Ninety years ago this May, The Bates Student reported on an intercollegiate athletic competition for Bates women: an archery tournament vs. “unseen opponents….from many colleges and universities of the United States.” 

The opponents were “unseen” because they didn’t travel to the Bates campus to compete, nor did Bates archers travel to theirs. 

Instead, the 1931 Bates women’s archery team participated in a “telegraphic” tournament, where teams shot their bows on their own campuses, tallied the points, and telegraphed, as in dot-dot-dash Morse code traveling through wires, their scores to an offsite host for tallying.


This brief film clip shows Bates archers on the old Rand Field in the 1930s. (Muskie Archives and Special Collections Library)

The 1931 Women’s Intercollegiate Telegraphic Archery Tournament is thought to be the first intercollegiate competition joined by Bates women, according to Bates Through the Years, by the late Charlie Clark ’51. It was run by the University of Wisconsin under the auspices of the National Archery Association. 

While today’s virtual events, made possible by the marvels of the internet, feel distinctive, using telecommunications to bring people together, in this case for competition, could be considered old hat.

By the 1930s, telegraphic tournaments had been going on for nearly half a century. In the 1880s, U.S. newspapers began reporting on telegraphic chess and checkers tournaments. By the early 1900s, there were telegraphic tournaments in archery, bowling, and, especially, skeet shooting, allowing gun club members throughout the vast West and Northwest U.S. to compete with one another.

(There were even popular in-person “fast-telegraphic tournaments” for telegraph operators themselves. A 1890 tourney in New York City was won by a little-known railroad telegrapher, B.R. Pollock Jr., who sent 260 words in five minutes.)

In summer 1928, an amateur golf association promised the first annual National Telegraphic Golf Tournament. “The click of the telegraph and the hornet hum of whissing balls will be heard in every state in the union,” promised a United Press story. But there’s no evidence the tournament ever happened.

The rise of telegraphic women’s archery tournaments wasn’t prompted so much by the challenges of travel and distance. Instead, the physically distanced events were a reaction to the state of men’s collegiate sports.

The women’s archery team on the old Rand Field in 1935. (Muskie Archives and Special Collections Library)

By the second decade of the 1900s, men’s collegiate sports, especially football, plagued by bribery scandals, were becoming a mess. A scathing report by the Carnegie Foundation for the Advancement of Teaching said, “College sports have been developed from games played by boys for pleasure into systematic professionalized athletic contests for the glory and, too often, for the financial profit of the college.”

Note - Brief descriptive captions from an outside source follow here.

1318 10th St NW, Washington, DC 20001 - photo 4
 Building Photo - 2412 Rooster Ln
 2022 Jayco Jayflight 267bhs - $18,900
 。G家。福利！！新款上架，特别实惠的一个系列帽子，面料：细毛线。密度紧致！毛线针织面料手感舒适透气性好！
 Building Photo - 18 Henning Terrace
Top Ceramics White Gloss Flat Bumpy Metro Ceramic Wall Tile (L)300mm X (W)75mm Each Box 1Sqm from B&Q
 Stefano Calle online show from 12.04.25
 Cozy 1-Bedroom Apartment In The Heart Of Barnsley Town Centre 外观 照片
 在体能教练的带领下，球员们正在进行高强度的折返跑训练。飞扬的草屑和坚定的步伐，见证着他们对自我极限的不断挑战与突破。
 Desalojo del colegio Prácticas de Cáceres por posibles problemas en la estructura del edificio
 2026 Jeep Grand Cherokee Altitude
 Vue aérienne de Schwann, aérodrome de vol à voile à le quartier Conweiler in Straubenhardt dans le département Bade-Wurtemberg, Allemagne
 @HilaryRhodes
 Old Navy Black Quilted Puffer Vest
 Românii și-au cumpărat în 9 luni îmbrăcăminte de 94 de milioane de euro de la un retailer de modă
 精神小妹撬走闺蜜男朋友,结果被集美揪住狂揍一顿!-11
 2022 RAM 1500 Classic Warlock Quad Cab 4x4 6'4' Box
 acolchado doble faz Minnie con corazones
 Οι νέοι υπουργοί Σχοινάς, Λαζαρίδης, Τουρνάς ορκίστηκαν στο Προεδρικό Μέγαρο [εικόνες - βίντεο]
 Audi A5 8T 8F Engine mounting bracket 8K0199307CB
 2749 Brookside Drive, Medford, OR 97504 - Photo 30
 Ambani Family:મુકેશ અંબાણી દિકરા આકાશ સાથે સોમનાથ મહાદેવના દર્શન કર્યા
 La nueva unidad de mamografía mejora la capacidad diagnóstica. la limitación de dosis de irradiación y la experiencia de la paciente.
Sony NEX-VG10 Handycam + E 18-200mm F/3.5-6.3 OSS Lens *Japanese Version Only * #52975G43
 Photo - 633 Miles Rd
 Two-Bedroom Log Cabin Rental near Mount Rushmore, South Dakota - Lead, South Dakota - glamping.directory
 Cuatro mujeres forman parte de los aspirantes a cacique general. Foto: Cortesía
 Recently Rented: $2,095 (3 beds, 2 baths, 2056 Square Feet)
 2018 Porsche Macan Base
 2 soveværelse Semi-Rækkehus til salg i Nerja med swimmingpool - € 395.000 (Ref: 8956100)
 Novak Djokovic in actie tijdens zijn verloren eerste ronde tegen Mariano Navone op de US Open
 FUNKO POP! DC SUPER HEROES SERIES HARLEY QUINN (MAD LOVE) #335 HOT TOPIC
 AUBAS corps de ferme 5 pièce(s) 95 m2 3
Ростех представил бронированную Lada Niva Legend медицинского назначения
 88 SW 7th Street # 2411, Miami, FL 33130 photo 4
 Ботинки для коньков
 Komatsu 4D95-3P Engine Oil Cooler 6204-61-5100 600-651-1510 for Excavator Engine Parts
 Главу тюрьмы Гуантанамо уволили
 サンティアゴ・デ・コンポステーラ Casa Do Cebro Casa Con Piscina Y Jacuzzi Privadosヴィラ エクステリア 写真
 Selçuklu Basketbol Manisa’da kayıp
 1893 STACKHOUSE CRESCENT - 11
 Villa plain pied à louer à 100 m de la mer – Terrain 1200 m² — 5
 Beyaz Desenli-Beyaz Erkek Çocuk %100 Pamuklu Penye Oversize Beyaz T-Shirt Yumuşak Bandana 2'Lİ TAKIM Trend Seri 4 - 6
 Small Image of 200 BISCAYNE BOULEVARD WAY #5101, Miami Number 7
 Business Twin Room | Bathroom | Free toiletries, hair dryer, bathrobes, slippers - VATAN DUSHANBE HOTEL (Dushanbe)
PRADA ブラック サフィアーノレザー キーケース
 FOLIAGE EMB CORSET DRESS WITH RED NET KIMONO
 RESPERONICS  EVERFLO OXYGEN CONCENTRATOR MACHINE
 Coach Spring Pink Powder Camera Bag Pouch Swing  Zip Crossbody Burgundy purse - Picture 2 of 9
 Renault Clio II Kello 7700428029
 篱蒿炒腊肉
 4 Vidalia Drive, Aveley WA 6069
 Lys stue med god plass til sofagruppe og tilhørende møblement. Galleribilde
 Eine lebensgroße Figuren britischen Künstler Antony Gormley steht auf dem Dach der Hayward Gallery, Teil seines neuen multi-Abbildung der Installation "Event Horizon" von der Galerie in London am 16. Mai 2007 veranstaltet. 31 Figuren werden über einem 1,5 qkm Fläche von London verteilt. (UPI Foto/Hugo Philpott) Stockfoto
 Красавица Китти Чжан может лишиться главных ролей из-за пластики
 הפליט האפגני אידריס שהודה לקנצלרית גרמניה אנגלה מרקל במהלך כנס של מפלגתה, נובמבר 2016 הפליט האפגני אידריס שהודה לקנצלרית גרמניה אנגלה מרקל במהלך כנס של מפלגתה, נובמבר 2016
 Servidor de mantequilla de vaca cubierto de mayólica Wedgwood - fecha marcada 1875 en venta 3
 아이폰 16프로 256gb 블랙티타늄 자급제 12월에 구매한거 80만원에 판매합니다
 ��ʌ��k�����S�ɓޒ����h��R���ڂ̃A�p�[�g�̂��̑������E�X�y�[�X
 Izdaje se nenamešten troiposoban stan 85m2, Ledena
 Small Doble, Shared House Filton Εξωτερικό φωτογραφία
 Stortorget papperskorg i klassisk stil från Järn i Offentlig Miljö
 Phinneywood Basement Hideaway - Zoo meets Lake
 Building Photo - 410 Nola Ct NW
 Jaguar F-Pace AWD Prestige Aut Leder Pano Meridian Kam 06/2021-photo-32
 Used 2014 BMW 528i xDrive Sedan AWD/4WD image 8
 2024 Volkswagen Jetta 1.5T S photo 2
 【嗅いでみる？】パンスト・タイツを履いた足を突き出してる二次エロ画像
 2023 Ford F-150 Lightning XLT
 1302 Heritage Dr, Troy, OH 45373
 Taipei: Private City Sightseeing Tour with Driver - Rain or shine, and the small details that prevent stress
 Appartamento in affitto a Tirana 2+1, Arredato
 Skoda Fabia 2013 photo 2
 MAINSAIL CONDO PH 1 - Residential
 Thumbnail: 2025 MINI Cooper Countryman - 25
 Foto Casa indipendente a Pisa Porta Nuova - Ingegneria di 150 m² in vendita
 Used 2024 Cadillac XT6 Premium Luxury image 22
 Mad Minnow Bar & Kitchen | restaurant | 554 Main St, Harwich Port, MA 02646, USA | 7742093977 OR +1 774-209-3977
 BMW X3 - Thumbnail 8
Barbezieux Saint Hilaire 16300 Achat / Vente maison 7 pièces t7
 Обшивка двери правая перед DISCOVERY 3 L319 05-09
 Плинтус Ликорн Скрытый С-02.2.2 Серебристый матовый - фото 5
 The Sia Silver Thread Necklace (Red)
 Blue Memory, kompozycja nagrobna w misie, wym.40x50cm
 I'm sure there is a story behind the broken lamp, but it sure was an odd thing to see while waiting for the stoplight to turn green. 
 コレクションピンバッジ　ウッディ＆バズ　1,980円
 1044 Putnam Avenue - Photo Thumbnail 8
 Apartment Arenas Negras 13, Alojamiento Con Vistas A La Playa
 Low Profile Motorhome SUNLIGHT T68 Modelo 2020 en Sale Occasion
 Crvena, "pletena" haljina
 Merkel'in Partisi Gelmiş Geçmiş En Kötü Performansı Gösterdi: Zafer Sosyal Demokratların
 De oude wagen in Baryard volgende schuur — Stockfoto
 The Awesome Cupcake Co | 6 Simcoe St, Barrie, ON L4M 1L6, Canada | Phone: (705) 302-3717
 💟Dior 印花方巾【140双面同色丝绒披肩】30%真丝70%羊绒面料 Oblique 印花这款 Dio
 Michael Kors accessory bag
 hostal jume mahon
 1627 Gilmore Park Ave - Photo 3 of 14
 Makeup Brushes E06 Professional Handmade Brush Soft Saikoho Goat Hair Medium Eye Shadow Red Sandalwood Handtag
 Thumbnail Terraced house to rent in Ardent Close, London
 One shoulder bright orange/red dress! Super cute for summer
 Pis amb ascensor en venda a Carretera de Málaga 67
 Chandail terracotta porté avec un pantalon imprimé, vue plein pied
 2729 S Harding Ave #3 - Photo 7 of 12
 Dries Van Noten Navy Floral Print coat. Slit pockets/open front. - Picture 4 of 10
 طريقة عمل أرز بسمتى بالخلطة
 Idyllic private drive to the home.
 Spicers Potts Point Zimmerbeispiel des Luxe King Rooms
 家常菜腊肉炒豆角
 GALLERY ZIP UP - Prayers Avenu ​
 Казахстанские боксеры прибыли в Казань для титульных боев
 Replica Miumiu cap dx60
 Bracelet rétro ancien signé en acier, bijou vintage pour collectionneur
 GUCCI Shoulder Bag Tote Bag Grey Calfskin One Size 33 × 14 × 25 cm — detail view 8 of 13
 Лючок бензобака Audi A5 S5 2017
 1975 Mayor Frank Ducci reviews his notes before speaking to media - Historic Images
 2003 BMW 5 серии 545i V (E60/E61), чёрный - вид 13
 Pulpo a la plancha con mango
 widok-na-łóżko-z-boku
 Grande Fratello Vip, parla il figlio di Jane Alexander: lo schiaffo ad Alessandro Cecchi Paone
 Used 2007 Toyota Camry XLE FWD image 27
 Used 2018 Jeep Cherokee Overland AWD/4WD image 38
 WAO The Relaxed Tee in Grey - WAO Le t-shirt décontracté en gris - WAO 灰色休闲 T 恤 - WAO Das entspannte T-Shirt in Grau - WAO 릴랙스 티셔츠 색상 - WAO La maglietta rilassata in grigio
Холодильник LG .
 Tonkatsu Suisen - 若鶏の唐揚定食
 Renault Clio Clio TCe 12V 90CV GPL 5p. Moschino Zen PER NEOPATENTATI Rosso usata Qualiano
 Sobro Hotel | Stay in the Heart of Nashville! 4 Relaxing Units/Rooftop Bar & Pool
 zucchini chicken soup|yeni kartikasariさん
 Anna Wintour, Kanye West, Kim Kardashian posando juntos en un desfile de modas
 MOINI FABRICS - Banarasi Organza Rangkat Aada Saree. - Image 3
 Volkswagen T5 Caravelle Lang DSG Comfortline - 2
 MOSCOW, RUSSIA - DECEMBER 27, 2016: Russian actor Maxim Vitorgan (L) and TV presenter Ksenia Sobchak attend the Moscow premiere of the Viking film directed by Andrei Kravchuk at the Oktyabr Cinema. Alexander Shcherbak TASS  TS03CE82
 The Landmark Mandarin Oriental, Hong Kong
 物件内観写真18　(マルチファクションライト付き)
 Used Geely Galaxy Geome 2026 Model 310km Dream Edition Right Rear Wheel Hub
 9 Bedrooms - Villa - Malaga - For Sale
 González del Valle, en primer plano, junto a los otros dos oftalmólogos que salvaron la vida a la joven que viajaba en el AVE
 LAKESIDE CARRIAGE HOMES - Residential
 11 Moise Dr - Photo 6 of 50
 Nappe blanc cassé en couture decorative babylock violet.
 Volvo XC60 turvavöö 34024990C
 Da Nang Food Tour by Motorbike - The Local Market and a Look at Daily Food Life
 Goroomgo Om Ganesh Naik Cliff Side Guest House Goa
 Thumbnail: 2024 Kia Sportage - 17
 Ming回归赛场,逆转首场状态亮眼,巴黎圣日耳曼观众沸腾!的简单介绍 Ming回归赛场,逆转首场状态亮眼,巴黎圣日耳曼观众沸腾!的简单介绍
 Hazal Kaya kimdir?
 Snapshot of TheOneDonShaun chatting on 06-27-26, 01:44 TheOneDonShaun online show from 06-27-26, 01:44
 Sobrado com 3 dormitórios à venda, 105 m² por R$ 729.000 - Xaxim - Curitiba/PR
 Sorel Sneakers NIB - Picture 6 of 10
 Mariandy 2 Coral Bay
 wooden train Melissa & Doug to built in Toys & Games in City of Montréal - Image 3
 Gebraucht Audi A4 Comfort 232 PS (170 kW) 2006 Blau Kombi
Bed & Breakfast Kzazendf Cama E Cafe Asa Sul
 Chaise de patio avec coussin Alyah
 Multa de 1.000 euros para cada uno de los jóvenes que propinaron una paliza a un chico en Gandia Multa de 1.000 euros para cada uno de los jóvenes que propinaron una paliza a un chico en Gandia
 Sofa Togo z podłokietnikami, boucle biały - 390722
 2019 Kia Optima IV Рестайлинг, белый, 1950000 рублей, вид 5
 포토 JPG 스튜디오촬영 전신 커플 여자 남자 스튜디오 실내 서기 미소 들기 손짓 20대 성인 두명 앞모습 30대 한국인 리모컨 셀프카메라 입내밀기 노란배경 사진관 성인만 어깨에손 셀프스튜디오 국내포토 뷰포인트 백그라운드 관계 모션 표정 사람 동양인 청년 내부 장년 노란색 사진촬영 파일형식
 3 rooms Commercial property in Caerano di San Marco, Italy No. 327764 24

In response, U.S. women sports leaders, specifically the Women’s Division of the National Amateur Athletic Federation, sought to develop a more inclusive and participatory approach for women’s college sports, emphasizing play for play’s sake.

A refrain of the time, which became the motto of the Bates Women’s Athletic Association, was “a sport for every girl and a girl for every sport” (sometimes rendered as “a sport for every girl, and every girl in a sport”). 

Thus it happened that in 1931, to “add more zest to our spring season of archery,” according to a Althea Howe Adelhelm ‘32 in the Student, Bates archers entered the telegraphic tournament, as they would in subsequent years, through the early 1950s.

“A woman has to be four times as smart and work four times as hard to get to the same pay level as a man.”

Seen in the 1933 Mirror, Rebecca Carter Bailey ’33 was a member of Bates’ archery team in 1931.

The Bates archers in the 1931 tournament — a group that we might now call Bates’ first women’s varsity team — were Rebecca Carter Bailey ’33, Mary Hoag Moran ’32, Deborah Thompson Tolfsen ’34, and Eileen Soper ’34. (While a full archery squad was eight, Bates fielded a five-person team.) UCLA women won the tournament, in which 66 U.S. colleges compared.

After Bates, Moran became a field investigator for Harvard Law School, while Tolfsen and Soper were teachers, the former on Staten Island and the latter at Wellesley (Mass.) High School.

Rebecca Bailey volunteered for the WAVES in World War II, then earned a master’s degree from the University of Wyoming. (The records are unclear, but she and her husband may have retired to a farm in Bethel, Maine.)

Bailey’s observations about her experiences with the WAVES in World War II scored a bullseye: “It still holds true that a woman has to be four times as smart and work four times as hard to get to the same pay level as a man.”